The police’s policy towards e-bikes and e-scooters has been under the microscope recently, following the deaths of three young riders in Cardiff and Manchester. The police’s involvement in these incidents has not yet been fully established.

However, it has since been revealed that the police have no specific training in regard to how they should deal with riders on e-scooters and, in fact, treat them in the same category as traditional bicycles. 

a scooter parked in a parking garage next to a wall

Putting e-bikes in this category removes them from the extensive guidelines that dictate how the police should pursue cars and motorcycles.

The Police Federation’s Roads Policing Lead Brian Booth appeared on Radio 5 Live to discuss this problem: ‘The electrification of vehicles has expanded throughout this country massively. We have got three common types, e-bikes themselves, e-scooters and e-motorcycles, all with different characteristics.

‘A lot of these vehicles carry massive amounts of danger for the public because they are silent, and these electric vehicles are a lot quicker than the petrol counterparts that are available to buy.

‘We also have the elements of where people can modify vehicles and make them something else. This is a very complex area of policing. The Road Traffic Act itself is very complex, but this is just an added complicating factor to deal with.’

‘We’ve got to really get ahead of the game. Though the regulations are you can ride an e-bike from 14 years up, without a crash helmet or a licence, and can go up to speeds of 15.5 miles per hour motor assisted, some e-scooters can reach maximum speeds of up to 60 miles per hour – but how can the police identify what type of a bike someone is using?’

An electric bike requires you also to have pedals that are able to be used to propel the bike, but many people do not realise this when buying one, he explained.

‘Some vehicles are not fit to go on the roads or require insurance and number plates etc. e-scooters are not road legal unless they are under a scheme run by the Department of Transport, normally in city settings. We need proper public education to keep up with the speed of the developments in the legislation of vehicles.

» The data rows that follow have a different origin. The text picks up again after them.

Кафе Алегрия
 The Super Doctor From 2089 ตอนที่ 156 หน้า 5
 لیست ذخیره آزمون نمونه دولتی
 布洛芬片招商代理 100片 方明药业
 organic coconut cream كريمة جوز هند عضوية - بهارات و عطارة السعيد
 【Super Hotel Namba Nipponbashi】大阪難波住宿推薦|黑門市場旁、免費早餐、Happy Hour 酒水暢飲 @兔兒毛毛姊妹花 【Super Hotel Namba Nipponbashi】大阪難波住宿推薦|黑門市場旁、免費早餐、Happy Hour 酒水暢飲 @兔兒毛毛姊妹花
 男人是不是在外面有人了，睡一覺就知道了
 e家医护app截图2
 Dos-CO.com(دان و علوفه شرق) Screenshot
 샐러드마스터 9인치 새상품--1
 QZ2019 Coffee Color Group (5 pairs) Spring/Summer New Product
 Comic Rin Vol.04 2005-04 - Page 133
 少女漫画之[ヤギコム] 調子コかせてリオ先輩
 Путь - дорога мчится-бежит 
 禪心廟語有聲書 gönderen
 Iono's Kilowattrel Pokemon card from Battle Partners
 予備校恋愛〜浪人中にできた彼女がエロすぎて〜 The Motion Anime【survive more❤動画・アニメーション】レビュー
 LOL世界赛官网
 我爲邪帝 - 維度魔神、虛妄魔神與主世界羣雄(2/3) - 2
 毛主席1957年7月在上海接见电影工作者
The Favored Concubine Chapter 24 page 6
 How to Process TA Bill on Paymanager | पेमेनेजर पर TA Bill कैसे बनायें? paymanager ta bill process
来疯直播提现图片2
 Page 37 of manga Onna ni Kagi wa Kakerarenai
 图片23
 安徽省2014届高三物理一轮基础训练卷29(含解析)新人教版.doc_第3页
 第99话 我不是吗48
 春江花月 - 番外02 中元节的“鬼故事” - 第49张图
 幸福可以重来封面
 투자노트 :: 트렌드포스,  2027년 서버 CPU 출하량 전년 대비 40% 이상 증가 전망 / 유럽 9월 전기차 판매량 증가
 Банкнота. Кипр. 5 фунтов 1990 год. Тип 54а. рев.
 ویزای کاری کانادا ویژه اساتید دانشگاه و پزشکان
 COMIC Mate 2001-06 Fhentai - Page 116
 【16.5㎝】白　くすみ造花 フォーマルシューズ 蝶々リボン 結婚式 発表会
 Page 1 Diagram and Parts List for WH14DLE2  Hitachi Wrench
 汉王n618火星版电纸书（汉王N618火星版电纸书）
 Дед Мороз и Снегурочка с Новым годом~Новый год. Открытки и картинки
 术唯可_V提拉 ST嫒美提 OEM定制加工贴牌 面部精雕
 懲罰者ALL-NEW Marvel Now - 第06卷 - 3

When asked what parents or those purchasing e-bikes for others should be looking out for, Brian commented: ‘One of the first questions should be can that vehicle be used lawfully on the road? Secondly, the rider. Can they lawfully use it on the road, and do they need insurance?

‘But as a parent, you want to make sure they’ve got the correct protective equipment and question if they aware about the dangers of the vehicles.

‘As they’re using the road, they are so quiet, and motorists will not hear them. Sometimes they’re out of sight and out of earshot. That’s a really dangerous situation for any rider to be in.’

Brian concluded with the current policies in place for police officers in pursuit of a vehicle if deemed necessary: ‘The College of Policing publishes guidance on all police matters around pursuits. One thing that is really clear from this is police officers will deal with this as another vehicle. Just because it’s powered by electric doesn’t mean it’s any different in its dealing with than if it was unlawfully used as a petrol engine or a diesel engine.’